Das Sächsische Oberverwaltungsgericht in Bautzen hat am Dienstag entschieden, dass der gesamte Christopher Street Day (CSD) Dresden 2026 einschließlich des Straßenfests auf dem Altmarkt vorläufig als Versammlung im Sinne des Versammlungsrechts zu behandeln ist.

Die 5. Kammer (5. Senat) des Gerichts gab damit dem Eilantrag des CSD-Vereins statt und korrigierte die vorherige Entscheidung des Dresdner Verwaltungsgerichts. Die Entscheidung ist unanfechtbar, entfaltet allerdings nur für das diesjährige Fest Wirkung und gilt ausdrücklich nur für die Veranstaltung vom 4. bis 6. Juni 2026.

Zuvor hatte die Landesdirektion Sachsen Ende März verfügt, dass lediglich die Abschlusskundgebung am Samstag als politische Versammlung einzustufen sei.
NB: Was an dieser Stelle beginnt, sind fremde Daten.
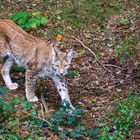 Luchs auf der Pirsch...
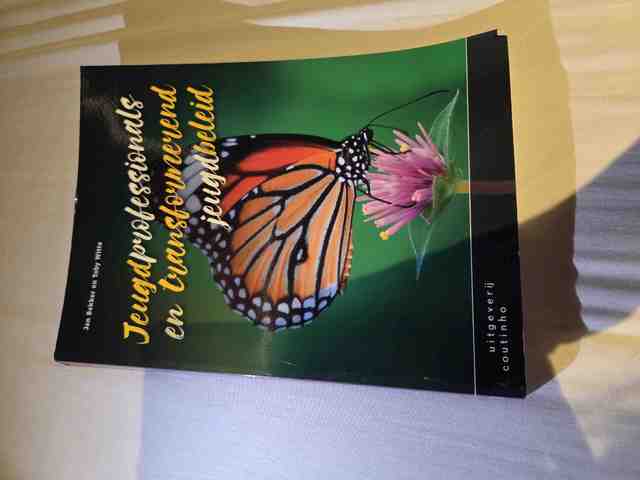 9789046905708-Jeugdprofessionals-en-transformerend-jeugdbeleid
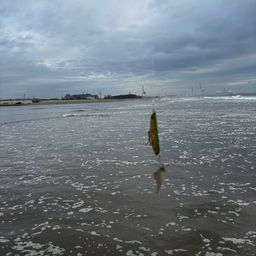 シタビラメ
Der mehrtägige, stationäre Teil des Programms auf dem Altmarkt wurde dagegen als kommerzielle Veranstaltung mit Unterhaltungscharakter bewertet. Diese Einordnung hätte zur Folge gehabt, dass der Veranstalter die Kosten für Sicherheit und Organisation des Straßenfests vollständig selbst hätte tragen müssen.